In Mandeville v. NYC Health & Hospitals, No. 159748/2020, 2021 WL 2165639, 2021 N.Y. Slip Op. 31815(U) (N.Y. Sup Ct, New York County May 18, 2021), the court, inter alia, held that plaintiff sufficiently alleged age discrimination under the New York State and City Human Rights Laws.
Notably, this decision considers, and rejects, defendants’ attempt to rely on the often-cited “stray remarks” doctrine.
From the decision:
Here, defendants attempt to pigeonhole Carrington’s remarks as stray and unrelated to plaintiff’s termination. However, the alleged remark by Carrington, who undisputedly has final authority to terminate staff, that plaintiff was “getting too old for this” work, was more than a stray remark and clearly suggests that plaintiff was unable to perform his work because of his age (see Godino v Premier Salons, Ltd., 140 AD3d 1118, 1119 [2d Dept 2016] [plaintiff’s allegation, among others, that her “coworkers, managers, and supervisors frequently ridiculed and harassed her because of her age by stating that she was ‘too old’ and that she ‘should retire’ ” were sufficient to state a claim for age based discrimination under the NYSHRL]; Rollins v Fencers Club, Inc., 128 AD3d 401, 401 [1st Dept 2015] [employer’s references to plaintiff, including “ ‘(a)re you sure you’re up for this?
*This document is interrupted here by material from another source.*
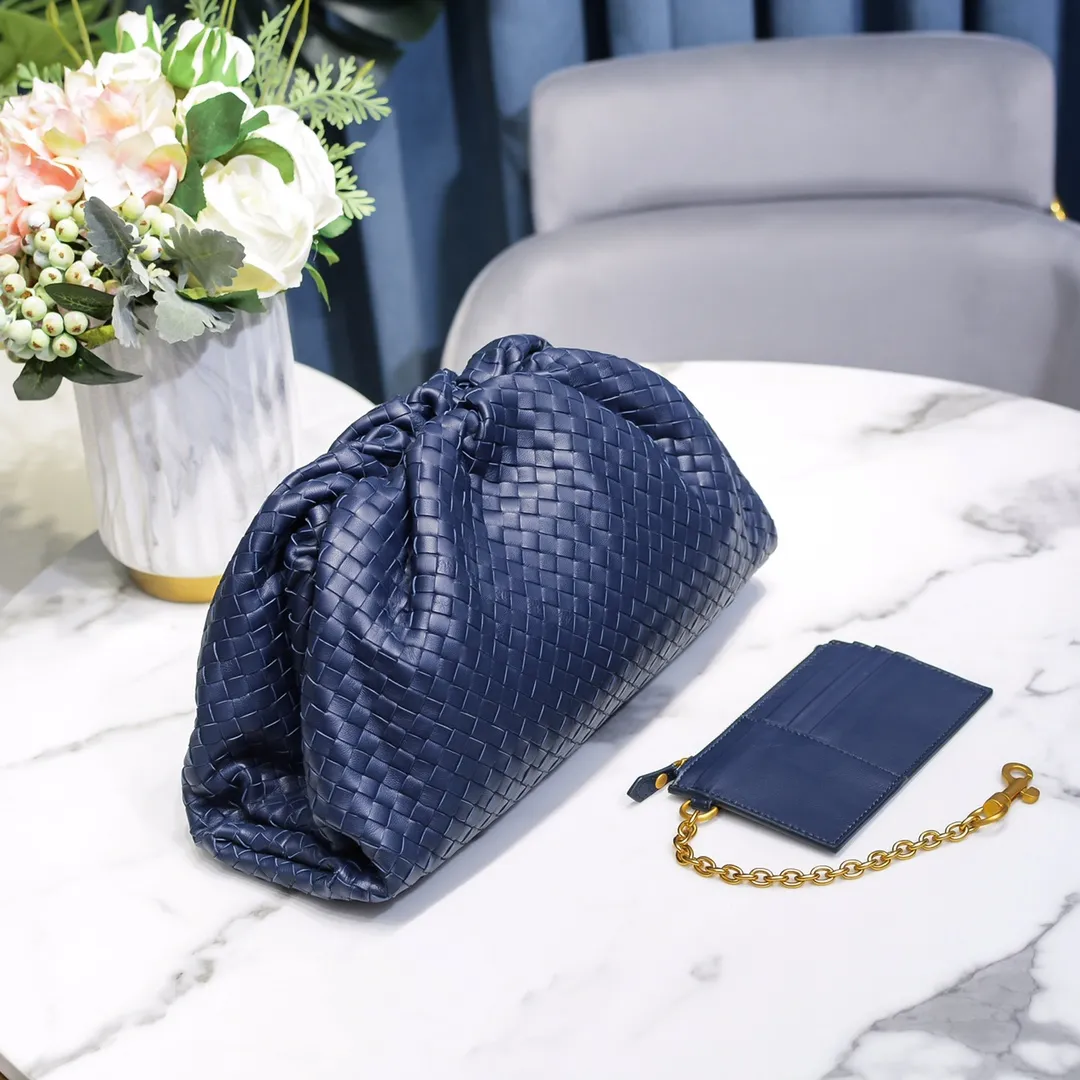 Real shot🔥🔥The counterattack of the popular Bottega Veneta started with this series of cloud bags, which went viral in the fashion circle and started a craze! Out of stock, out of stock, out of stock... One piece is hard to find, super hard to buy, regardless of age, season, or occasion. Very classy. Really, if you carry this on the road, it will turn heads! This is also the reason why this series is so expensive. Large size: 38*20*8.5cm [Big Cloud Weaving]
You know you’re at that age where you … need more rest. You look tired,’ and asking whether plaintiff was ‘up for’ meetings that ‘might be too much’ for her and would ‘tire (her) out’ ” raised an inference of age-based discrimination]).
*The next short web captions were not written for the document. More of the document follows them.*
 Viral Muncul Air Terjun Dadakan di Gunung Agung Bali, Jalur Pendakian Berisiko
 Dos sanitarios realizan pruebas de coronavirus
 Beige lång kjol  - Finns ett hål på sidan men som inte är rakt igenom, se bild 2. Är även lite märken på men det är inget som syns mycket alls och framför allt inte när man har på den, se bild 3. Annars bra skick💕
Moreover, the remaining alleged remarks concerning the replacement of the old guard and to move the company in a “younger direction,” when taken together with Carrington’s other remarks, and the allegation that plaintiff was replace by a physician twenty years his junior (see Colon v Trump Int’l Hotel & Tower, US Dist Ct, SD NY, 10 Civ 4794, Koeltl, J., 2011] [“Evidence that an employee was replaced by a substantially younger individual or an individual outside the protected class suffices to show circumstances giving rise to an inference of age discrimination”]; Hosking v Mem’l Sloan-Kettering Cancer Ctr., 186 AD3d 58, 67 [1st Dept 2020] [“The fact that plaintiff was replaced by a person nearly 30 years younger than her suffices to support an inference that her termination was motivated by age-based animus”]; Grella v St. Francis Hosp., 149 AD3d 1046, 1048 [2d Dept 2017] [“The fact that an employee was replaced by a substantially younger employee gives rise to an inference of discrimination sufficient to make a prima facie case of age discrimination”]), are sufficient to constitute evidence of discrimination (Danzer v Norden Sys., Inc., 151 F3d 50, 56 [2d Cir 1998] [“When, however (as in the instant appeal), other indicia of discrimination are properly presented, the remarks can no **4 longer be deemed ‘stray,’ and the jury has a right to conclude that they bear a more ominous significance”]).
Defendants rely on Melman v Montefiore Med. Ctr. (98 AD3d 107 [1st Dept 2012]) in support their argument that alleged remarks were limited in scope and not work related. However, the remarks at issue in Melman were, first “[s]imply positive references to ‘young’ professionals that, in the absence of other evidence of ageist bias, do not imply any sinister aspersion on older workers’ ” (id. at 125). And second, the remarks made by the defendant’s former CEO in a newspaper article profiling him just before his retirement concerning age-related health concerns were unrelated to an employment decision. As discussed above, the remarks at issue here were directed at plaintiff concerning his ability to perform his work, and thus, distinguishable from the remarks at issue in Melman.
Likewise, defendants’ reference to Mete v New York State Off. of Mental Retardation & Developmental Disabilities (21 AD3d 288, 294 [1st Dept 2005]) is also unavailing. Unlike the matter at issue, the plaintiff in Mete alleged only one comment concerning the need for “[n]ew and younger employees to take over the leadership of the agency” (id.).
Based on this, the court held that plaintiff adequately pled a claim for age-based discrimination.